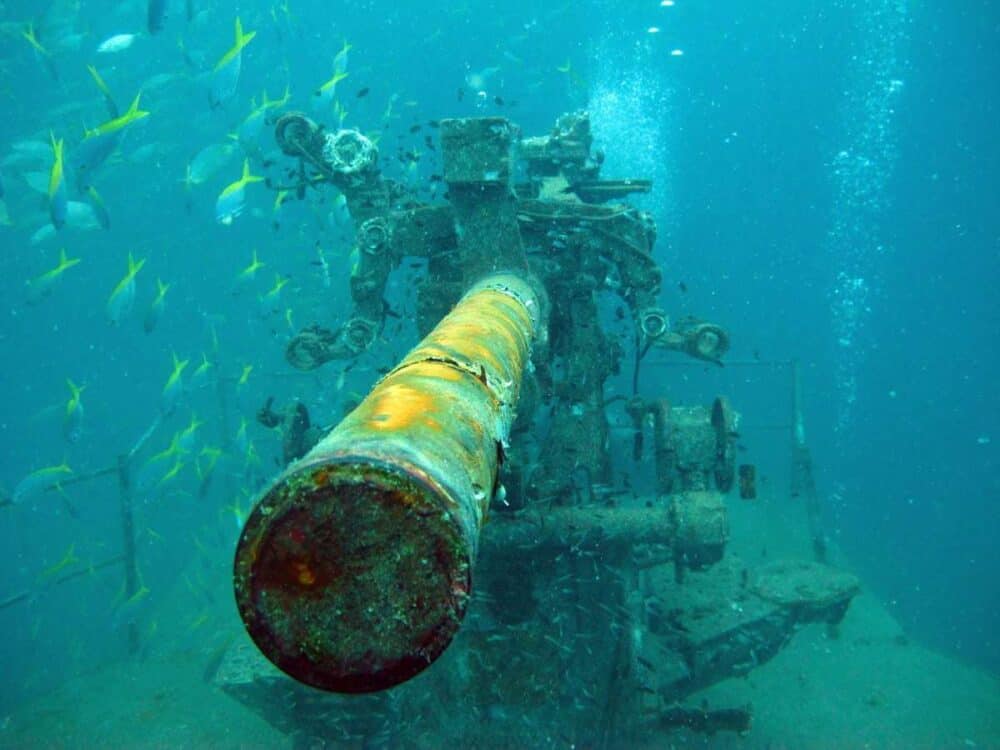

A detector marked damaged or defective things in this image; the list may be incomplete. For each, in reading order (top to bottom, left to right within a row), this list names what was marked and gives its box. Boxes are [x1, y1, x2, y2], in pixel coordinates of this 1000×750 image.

rusty cannon barrel [232, 274, 540, 696]
rusted metal [232, 274, 540, 696]
corroded deck gun [233, 274, 544, 696]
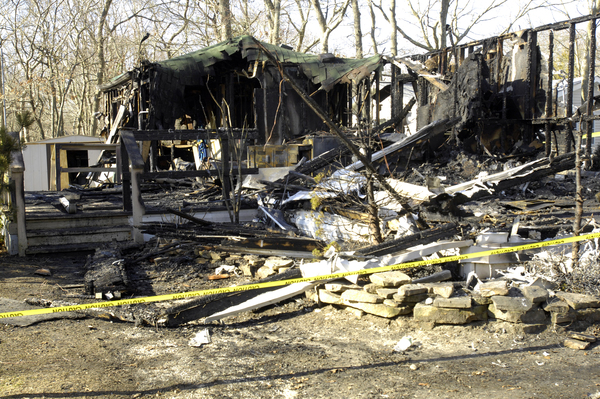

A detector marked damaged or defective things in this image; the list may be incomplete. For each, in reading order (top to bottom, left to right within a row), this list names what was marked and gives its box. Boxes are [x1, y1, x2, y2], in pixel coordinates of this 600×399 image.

charred wood beam [253, 39, 418, 214]
charred wood beam [356, 223, 460, 258]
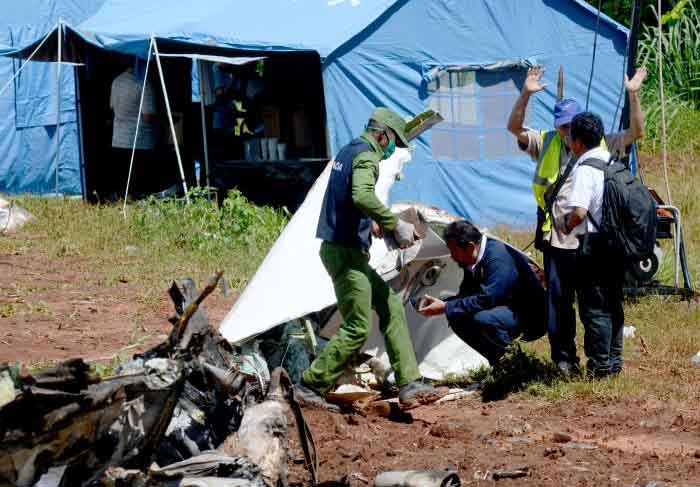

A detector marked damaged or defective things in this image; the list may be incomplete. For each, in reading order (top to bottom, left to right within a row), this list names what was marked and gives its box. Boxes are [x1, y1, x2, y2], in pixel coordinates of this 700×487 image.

burnt metal debris [0, 272, 318, 486]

• _Aim of the task_
Leave out every line before the one containing "this 700×487 image."; set down that line and all remaining lines of the material exactly.

• _Output of the task_
A detector marked damaged or defective things in this image; the list may be incomplete. For each, in reading order (top to bottom, left to right within a row), this list names what was marked and gives its box. Boxes are [x1, y1, x2, y2], in pixel coordinates of this 700×487 image.

burnt metal debris [0, 272, 318, 486]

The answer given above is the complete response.